The last couple of years have gone by like a whirlwind for Brooklyn singer-songwriter Kevin Devine, even though his last album was released three years ago.
“I’ve probably played 450 shows, internationally and at home, since Put Your Ghost to Rest came out,” Devine admits. “But somebody who wasn’t paying close attention to that could be like, ‘Oh, it’s been a long time since your last record [laughs].’ It’s like it has been, but there hasn’t really been a ton of time to make one.”
Devine finally found time at the end of last year to finish his fifth full-length album, Brother’s Blood, although the stress from constant life on the road did take its toll.
“I didn’t know how to reconcile between staying in the moment and dealing with what was right in front of me, while also having a family and life at home that I wasn’t connecting to at all,” Devine confesses. “It felt like I was trying to live perpetually in two places at the same time and not doing a very good job at either one.”
After seeing his relationship with his girlfriend dissolve and getting dropped by Capitol Records, Devine found himself in a tailspin. Then all of sudden, it changed.
“For better and for worse, I figured out what I need to do to be a healthy person who is going to be away this much,” he says. “It was weird for a little while, for sure. It felt like the world had gotten knocked on its side for about six months where I didn’t really know what the fuck was happening. Now I definitely feel a bit more adapted to it.”
Once Devine had a handle on that, he was ready to put the finishing touches on Brother’s Blood. While the record does tackle some fairly weighty themes, including religion and politics, personal reflections are nothing new for Devine.

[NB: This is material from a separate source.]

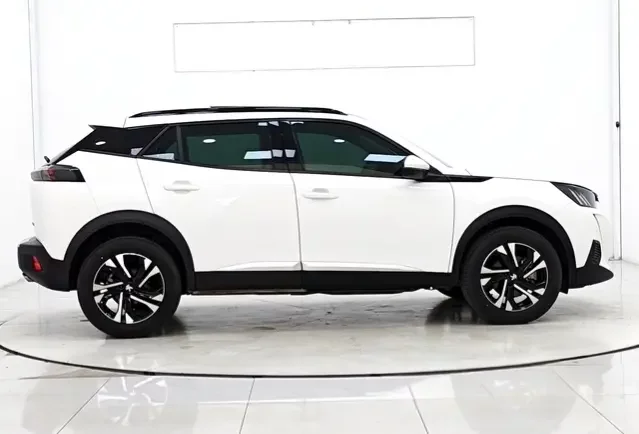 Peugeot 2008 230THP THE ONE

“I’ve always been someone who’s been obsessed with conscious, both personally and socially, and obsessed with why we do what we do,” Devine points out. “I’m certainly not as neurotic about the world as I was in my early 20s, but that doesn’t mean I’m still not confused and dissatisfied by a lot of things. So the record is also about the personal and the political, and how they both enmesh with one another and can throw your head for a loop a little bit.”
To express these ideas, Devine ended up making the most eclectic record of his career, encompassing everything from the quiet, acoustic strumming of Elliott Smith on “All of Everything, Erased” to the raw power of Nirvana on the title track.

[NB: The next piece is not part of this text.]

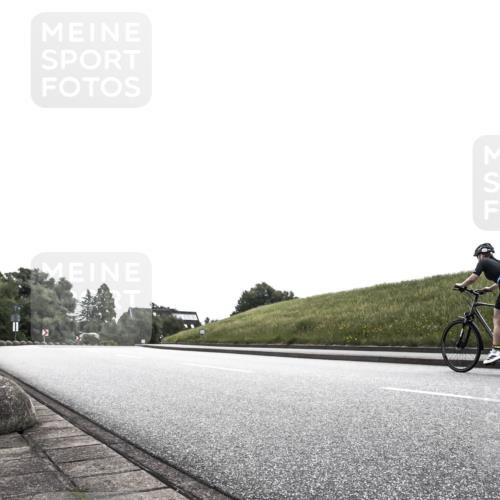 21.06.2026 - 29. Vierlanden-Triathlon H.Heesch http://msf.ph/oto/9904980 21.06.2026 11:01:10 Radfahren 101, 112 meine-sportfotos.de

“Instead of trying to make this overly ambitious thing, I just wanted to make a record where all the different things I like about the music I listen to and about songwriting are all represented,” he admits.
Now as Devine heads back out for his biggest headlining tour yet with the economy struggling and the future cloudy, he’s grateful to have just made it this far.
“I realize that something like this is fickle, and it’s subject to the whims of popular reception. Something that people like today, they might not like a couple years down the line,” he says. “So I try and not take it for granted that these people choose to spend 10 bucks and three hours of their time with me because they could be spending that time and that money in other places. I know that might sound cheesy, but I really mean that.”